El adversario silencioso de este impulso de crecimiento es la inercia, esa fuerza viscosa que nos retiene en la comodidad de lo conocido. Crecer implica aventurarse en territorios inexplorados, un acto intrínsecamente riesgoso y costoso. Nos confronta con la incertidumbre, nos arroja a un mar de desafíos donde las corrientes son impredecibles. ¡Cuán seductor resulta, entonces, el refugio de la familiaridad! En ese remanso apacible, el camino de la mediocridad se despliega alfombrado de confort.
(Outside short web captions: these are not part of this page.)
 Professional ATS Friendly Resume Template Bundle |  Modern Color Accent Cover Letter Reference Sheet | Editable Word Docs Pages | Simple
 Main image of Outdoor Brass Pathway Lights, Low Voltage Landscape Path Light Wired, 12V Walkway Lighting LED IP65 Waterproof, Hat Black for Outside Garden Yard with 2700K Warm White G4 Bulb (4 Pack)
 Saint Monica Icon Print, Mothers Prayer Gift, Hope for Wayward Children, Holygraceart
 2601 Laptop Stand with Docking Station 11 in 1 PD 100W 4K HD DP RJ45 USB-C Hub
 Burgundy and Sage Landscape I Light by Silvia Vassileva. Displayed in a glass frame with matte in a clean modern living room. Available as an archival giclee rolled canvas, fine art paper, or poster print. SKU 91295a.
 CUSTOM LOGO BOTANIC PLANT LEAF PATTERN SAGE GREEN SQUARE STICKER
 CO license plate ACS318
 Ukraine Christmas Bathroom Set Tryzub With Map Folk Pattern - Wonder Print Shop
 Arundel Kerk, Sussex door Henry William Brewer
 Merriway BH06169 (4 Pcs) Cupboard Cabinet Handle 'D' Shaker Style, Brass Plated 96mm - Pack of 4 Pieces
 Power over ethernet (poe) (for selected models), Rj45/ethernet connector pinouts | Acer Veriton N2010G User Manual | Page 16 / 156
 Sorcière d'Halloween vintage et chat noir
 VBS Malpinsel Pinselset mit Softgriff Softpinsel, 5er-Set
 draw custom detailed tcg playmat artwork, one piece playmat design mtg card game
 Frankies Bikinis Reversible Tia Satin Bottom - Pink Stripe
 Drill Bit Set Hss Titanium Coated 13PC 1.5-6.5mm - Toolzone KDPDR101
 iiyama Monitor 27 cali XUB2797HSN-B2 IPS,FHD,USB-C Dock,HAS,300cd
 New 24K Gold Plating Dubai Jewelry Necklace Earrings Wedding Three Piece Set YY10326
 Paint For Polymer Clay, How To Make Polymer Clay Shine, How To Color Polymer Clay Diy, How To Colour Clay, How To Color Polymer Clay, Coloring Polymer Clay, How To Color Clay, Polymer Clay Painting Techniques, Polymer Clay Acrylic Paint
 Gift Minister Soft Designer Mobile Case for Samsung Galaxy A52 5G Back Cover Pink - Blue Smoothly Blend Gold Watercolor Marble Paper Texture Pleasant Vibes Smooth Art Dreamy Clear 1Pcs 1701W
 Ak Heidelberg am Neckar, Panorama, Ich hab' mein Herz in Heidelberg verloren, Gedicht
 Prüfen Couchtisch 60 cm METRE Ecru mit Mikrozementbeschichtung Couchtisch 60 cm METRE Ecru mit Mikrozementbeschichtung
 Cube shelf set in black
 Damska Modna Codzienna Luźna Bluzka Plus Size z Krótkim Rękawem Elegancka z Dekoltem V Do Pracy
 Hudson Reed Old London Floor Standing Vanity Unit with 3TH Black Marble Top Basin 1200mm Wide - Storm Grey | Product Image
Sin la exigencia del esfuerzo, sin el aguijón del dolor, sin la ofrenda del sacrificio, el espíritu se abandona a un plácido adormecimiento.
Aquellas almas que se aferran a un sentido inamovible de derecho, aquellas que se dejan arrastrar por la marea de sus emociones sin filtro, aquellas que ceden a la pereza como a un suave letargo, inevitablemente se estancan. Sus instintos y sentimientos, aunque poderosos, rara vez señalan el sendero del crecimiento. Porque lo que la inmediatez de las emociones dicta y lo que la costumbre arraigada proclama como "normal" rara vez coincide con el impulso de superación.
Ante cualquier señal de cambio, ante la punzada del estrés, la mente y el cuerpo, en una danza ancestral por mantener el equilibrio, activan una resistencia homeostática. En esa búsqueda constante de ahorro energético, emerge una sutil pero poderosa oposición a cualquier "nueva normalidad". Con astucia, nuestro ser maquina excusas para perpetuar el statu quo, para aferrarse a la imagen cómoda de quienes somos, evitando así la ardua tarea del progreso. Nos justificamos con una visión romántica, susurrándonos al oído que la única brújula válida es aquello que "se siente bien". Este es el canto de guerra de la mediocridad: la aceptación incondicional de lo que somos en este instante.
Pero en esta complacencia no hay germen de crecimiento. Para elevarnos, para expandirnos, es preciso aspirar a ser aquello que aún no somos, anhelar una versión más grande, más completa de nosotros mismos. El cambio es un sendero empedrado de dificultad, pero no por ello inalcanzable. Y para recorrerlo con éxito, debemos vencer tanto los enemigos externos como aquellos que anidan en nuestro interior. La primera victoria reside en la sabiduría de aceptar que el crecimiento es una necesidad intrínseca, y que, como todo lo valioso, conlleva un costo. Un costo que a menudo se siente áspero, incluso doloroso. A partir de esta aceptación, el camino se ilumina con la claridad del objetivo, se allana con pequeños pasos constantes, y se nutre de la paciencia que permite la adaptación.
Vivimos en un mundo que nos vende la falacia de una aceptación incondicional, envuelta en el celofán de un supuesto "amor propio". Ese es el camino fácil, la promesa ilusoria de ser bellos, fuertes, saludables, buenos y competentes por decreto, sin el sudor de la labor, sin la disciplina del esfuerzo. Basta con proclamarlo, y ya. Esa es la victoria insidiosa de la inercia, que sigilosamente se ha apoderado del mundo, susurrándonos al oído la dulce mentira de la suficiencia estática.
La lucha entre crecer y la inercia define nuestra existencia. El anhelo de ser más choca con la cómoda resistencia interna. Superar esa inercia, aunque doloroso, es la senda hacia la plenitud. No sucumbamos a la falsa promesa de una aceptación estática; la verdadera grandeza reside en la aspiración constante. Hay que alimentar una ambición saludable y una disposición a superar la inercia en la búsqueda de un desarrollo personal continuo. La gran aventura de crecer.